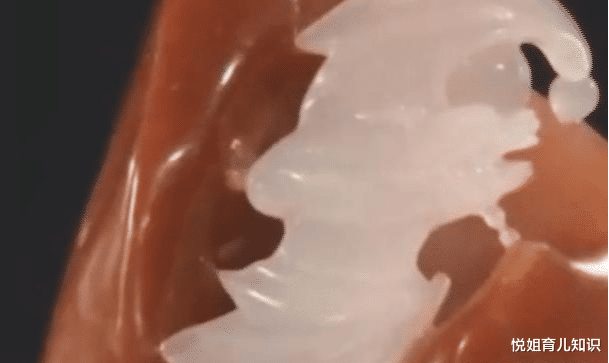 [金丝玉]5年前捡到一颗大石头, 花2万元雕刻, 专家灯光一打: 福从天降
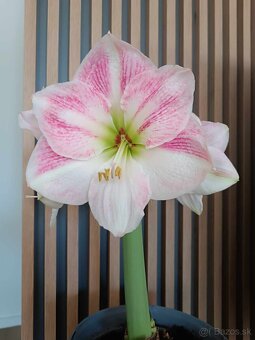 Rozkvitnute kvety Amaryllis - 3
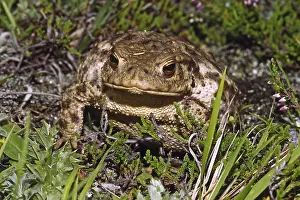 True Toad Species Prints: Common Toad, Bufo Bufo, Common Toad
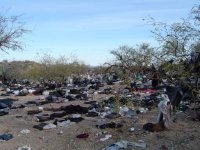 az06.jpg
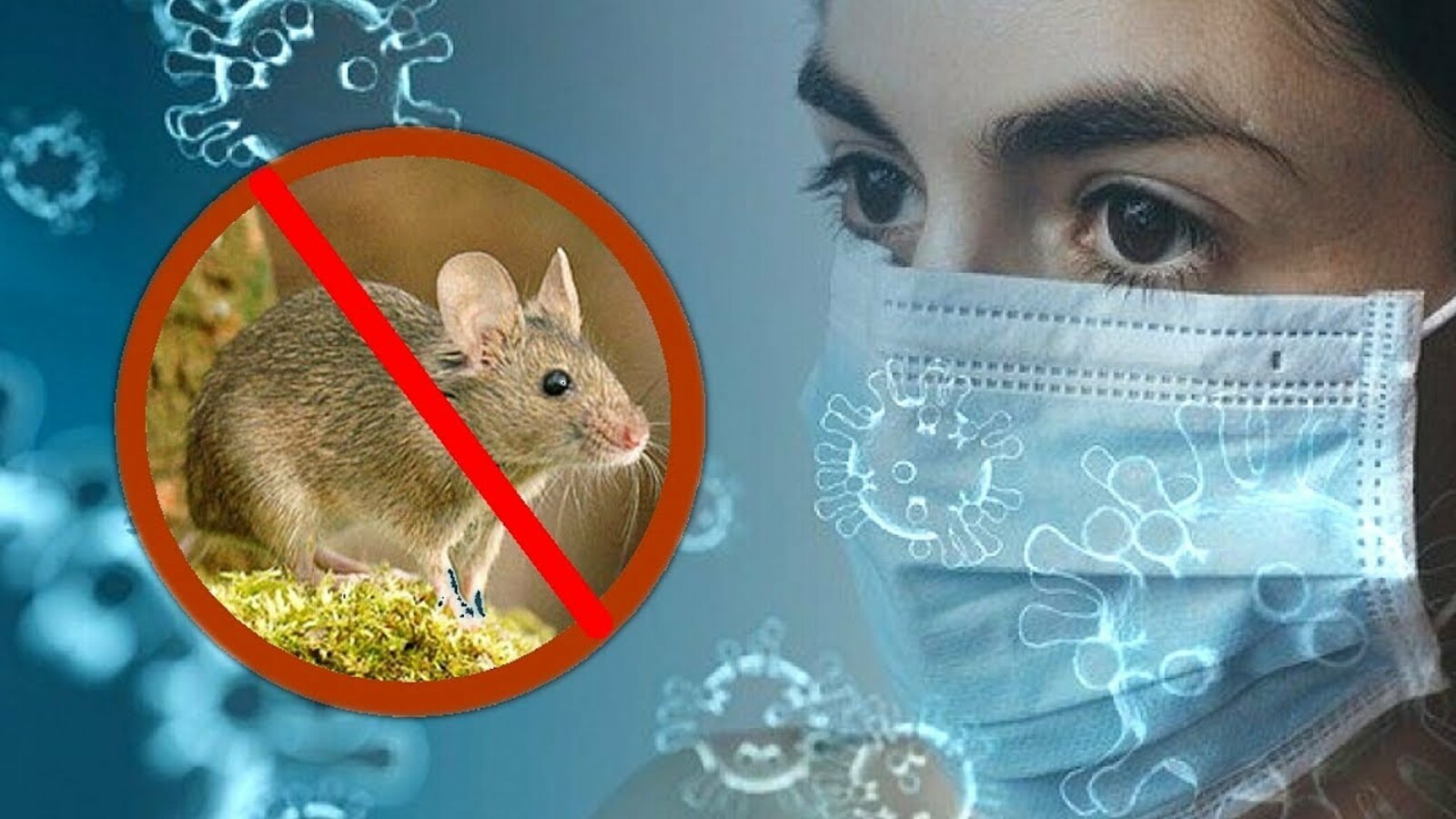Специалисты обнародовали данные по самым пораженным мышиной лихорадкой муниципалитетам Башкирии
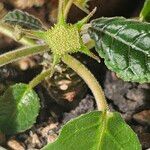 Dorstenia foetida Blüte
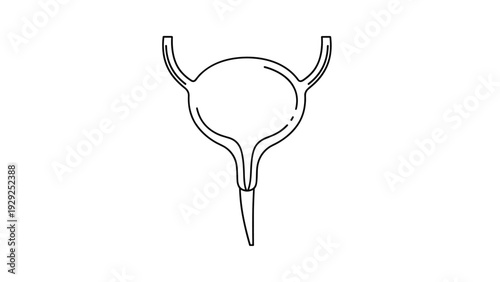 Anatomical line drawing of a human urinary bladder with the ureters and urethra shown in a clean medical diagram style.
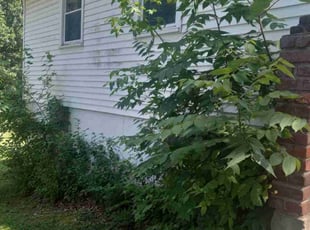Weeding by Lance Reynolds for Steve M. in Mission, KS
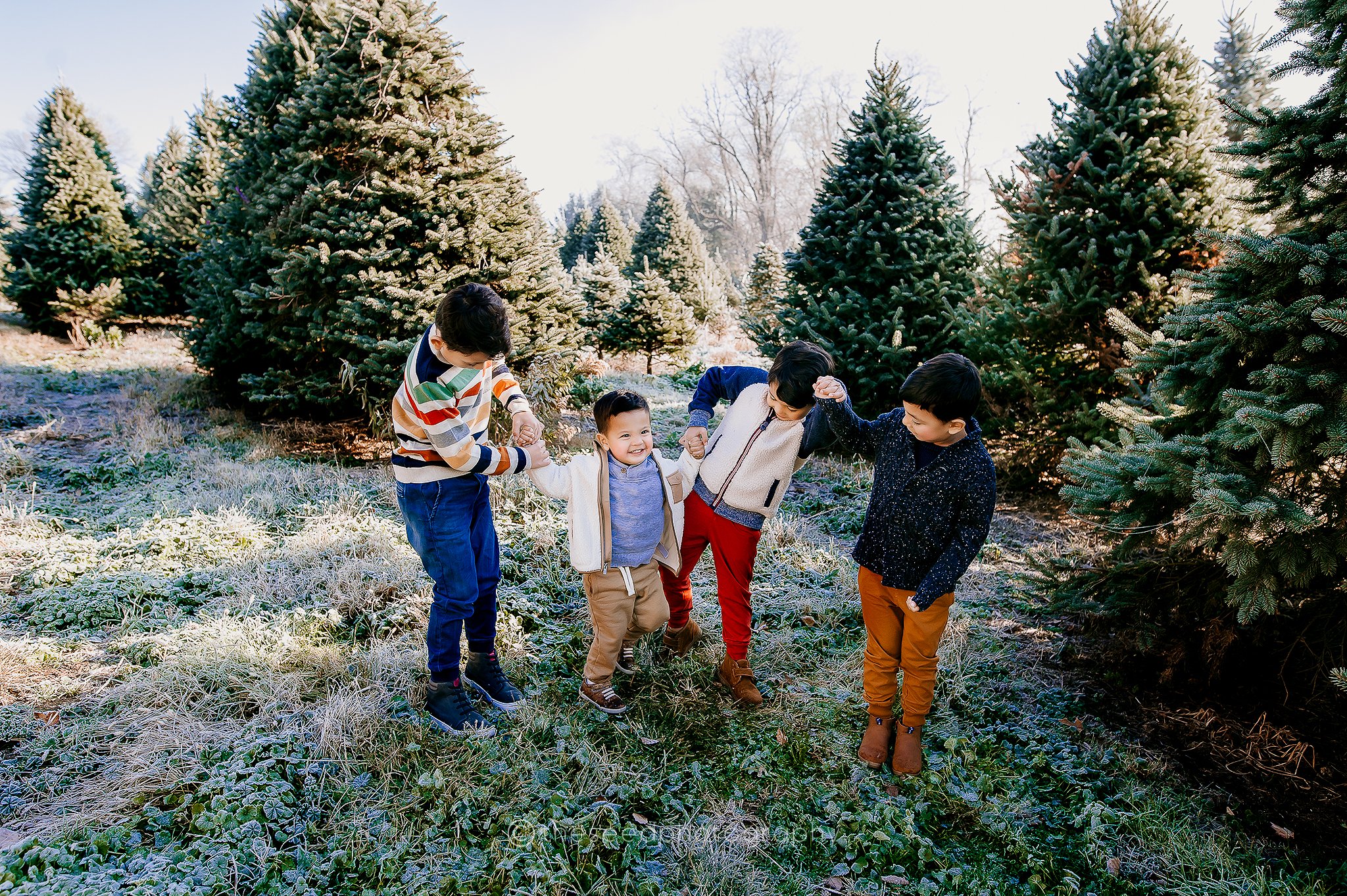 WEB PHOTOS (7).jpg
————
What you should do: Nothing but an exact copy is needed, covering the lines from the line with "Rozkvitnute kvety Amaryllis - 3" through the last line of the entries, pictures excluded.

Expected answer:
 Rozkvitnute kvety Amaryllis - 3
 True Toad Species Prints: Common Toad, Bufo Bufo, Common Toad
 az06.jpg
Специалисты обнародовали данные по самым пораженным мышиной лихорадкой муниципалитетам Башкирии
 Dorstenia foetida Blüte
 Anatomical line drawing of a human urinary bladder with the ureters and urethra shown in a clean medical diagram style.
Weeding by Lance Reynolds for Steve M. in Mission, KS
 WEB PHOTOS (7).jpg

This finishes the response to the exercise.